Jeunes Prospection

Marc Puissant, le nouveau patron

Marc Puissant a pris le relais de Claudy Grusenmeyer à la tête de la prospection namuroise . Une fonction qu'il connaît déjà parfaitement

Originaire de Seilles, c'est là que Marc débuta sa carrière de footballeur et fut émerveillé par les entraînements de Françis Goffin. «Un coach diplômé, c'était rare à l'époque...»

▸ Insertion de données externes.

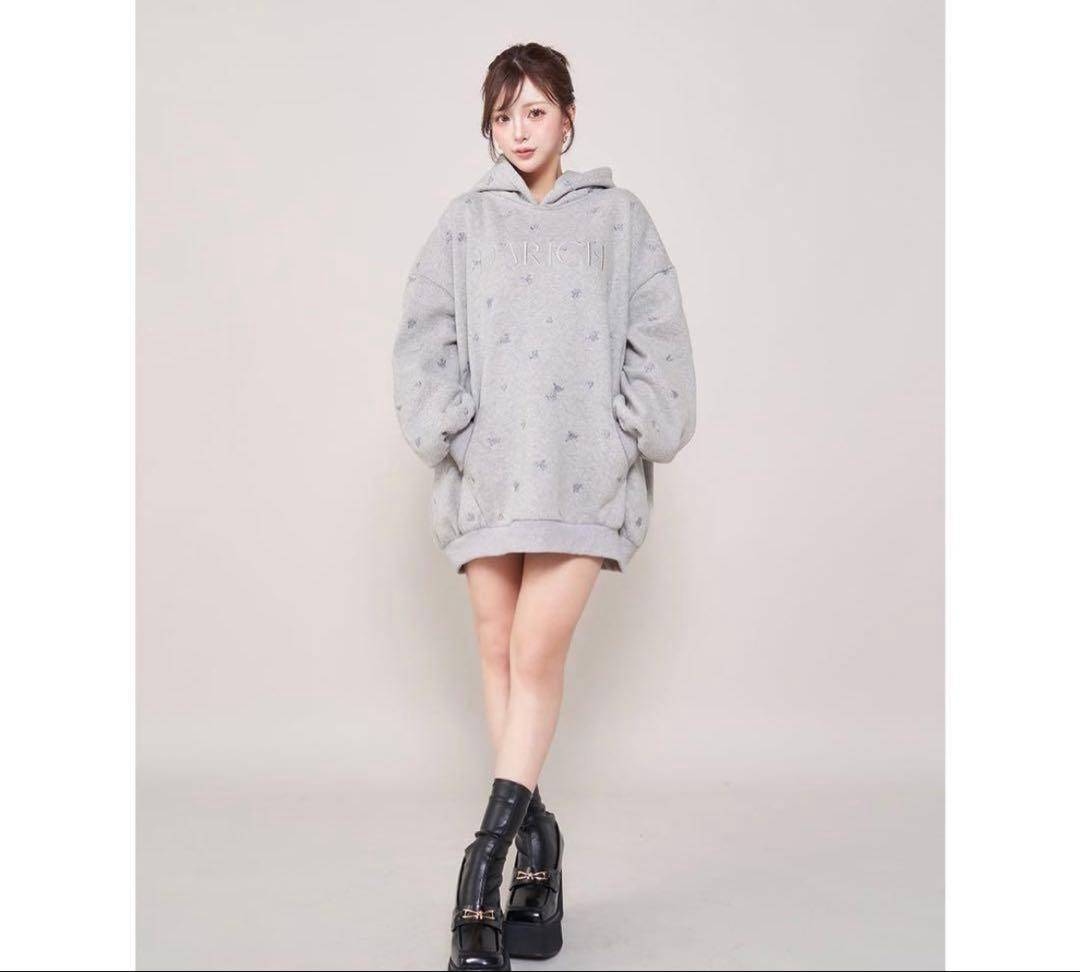 ダーリッチ♡フラワーエンブロイダリー パーカー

À 16 ans, il y évolua en équipe fanion avant de répondre au chant des sirènes d'un club de D1: l'Union Saint-Gilloise. «C'est l'Andennais Michel Arnold qui m'avait chaudement recommandé mais à 18 ans, j'étais souvent sur le banc des réserves. N'empêche, durant deux saisons, j'ai disputé quelques matches amicaux au sein d'un noyau qui n'était pas pléthorique», se souvient Marc qui revint alors dans son club d'origine avant d'émigrer à Faulx où il réside d'ailleurs toujours.

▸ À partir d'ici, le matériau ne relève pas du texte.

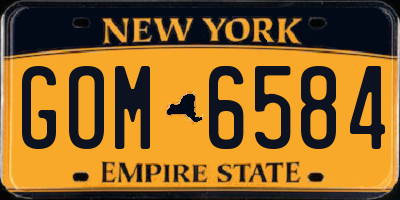 NY license plate GOM6584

École, prospection et entraîneur provincial

«À ce moment, j'ai décidé de suivre l'école des entraîneurs avec Philippe Mazuin, Marc Marchal, Alain Conobert, Bernard Dehon... En trois ans, j'ai tout découvert et j'ai appliqué ces leçons chez les scolaires provinciaux de Faulx, notamment lors du tour final car nous avions bouclé notre parcours à la seconde place au classement. Peu après, alors que j'étais prospecteur depuis des années, j'ai été appelé comme entraîneur de la sélection provinciale des minimes en remplacement de Baby Poels. Avec Bernard Piret, nous avons vécu de belles choses avec des joueurs comme Tshiala, Roman, Nollevaux, Dachelet, Lievens... C'était la base de la pyramide et on réalisait souvent de bonnes performances dans les matches inter-provinces. En 1998, les trois formations namuroises disputèrent la finale nationale à Knokke et en minimes, nous l'avions remportée. Notre province a toujours formé de très bons éléments qui étaient mis en vitrine dans les sélections».

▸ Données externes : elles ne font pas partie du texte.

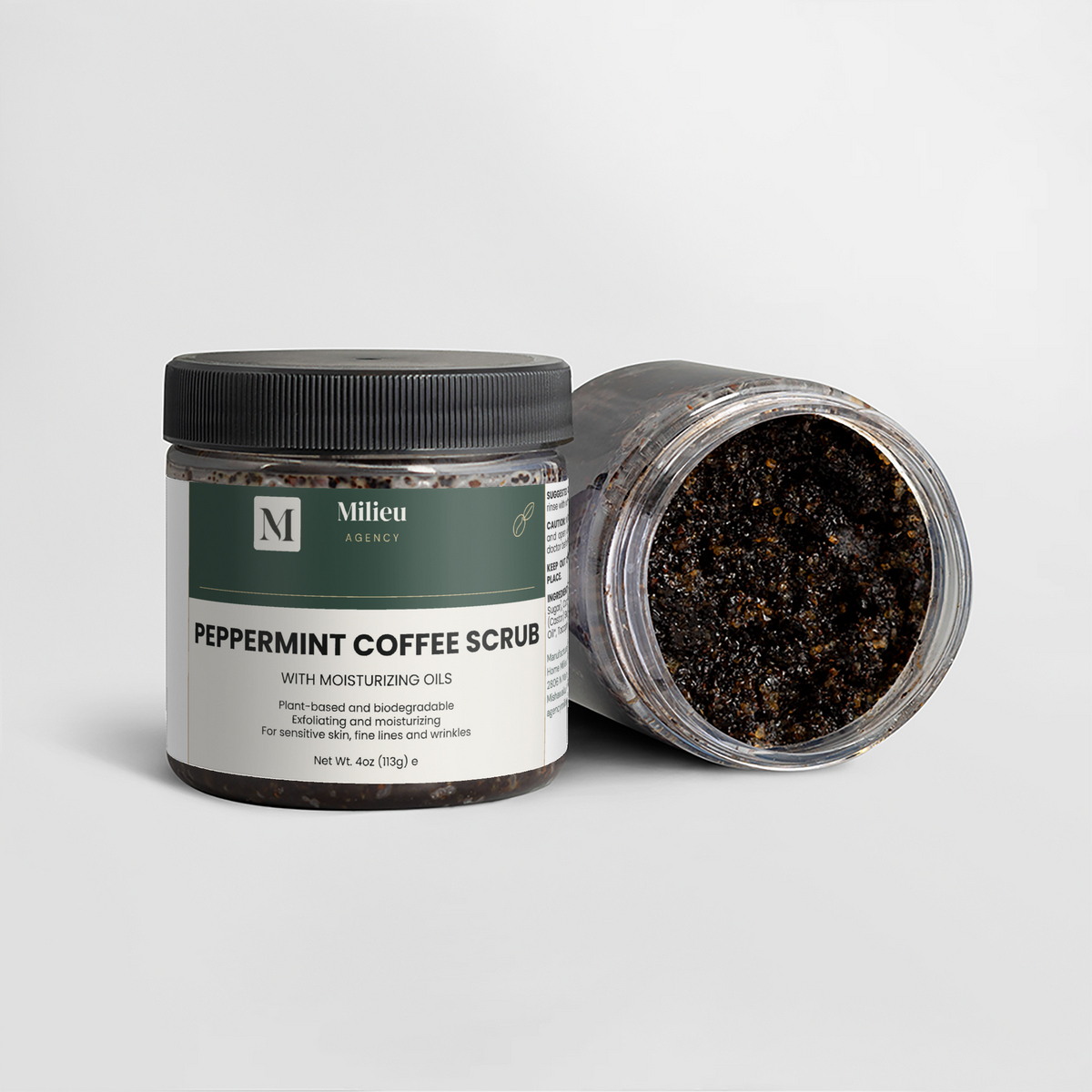 Milieu Peppermint Coffee Scrub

«Je n'étais pas demandeur»

Marc Puissant est, sans conteste, un personnage qui aura marqué durant de nombreuses années la prospection dans notre province. Employé à la SNCB, il y a consacré de nombreuses heures tout en étant toujours à l'écoute des garçons qui lui étaient confiés. Il leur a aussi permis de s'épanouir dans le foot en progressant à pas de géants. Et lorsque Claudy Grusenmeyer et Michel Gerard vinrent le trouver pour reprendre le poste laissé vacant, Marc ne s'y attendait vraiment pas. «Comme je vais être bientôt pensionné, j'ai accepté de relever ce nouveau défi. En travaillant d'abord dans la continuité mais en apportant par la suite quelques petits changements. Il n'est, par exemple, pas normal que Baby Poels prospecte dans l'Entre-Sambre et Meuse alors qu'il connaît nettement mieux la région hesbignonne. Enfin, on verra à la fin de cette saison avec encore pas mal d'activités dont le challenge Laboureur le 10mai à Gedinne».

Standard et Union

Marc est un mordu de foot et depuis quelques années, il accompagne sa fille Ingrid au Standard. Il suit aussi toujours l'Union Saint-Gilloise. «J'y suis toujours bien reçu et des sept ou huit matches que j'ai pu suivre cette année, il y avait, bien sûr, l'UR Namur». Il ne changera pas ses habitudes même s'il sera désormais plus sollicité par une mission captivante.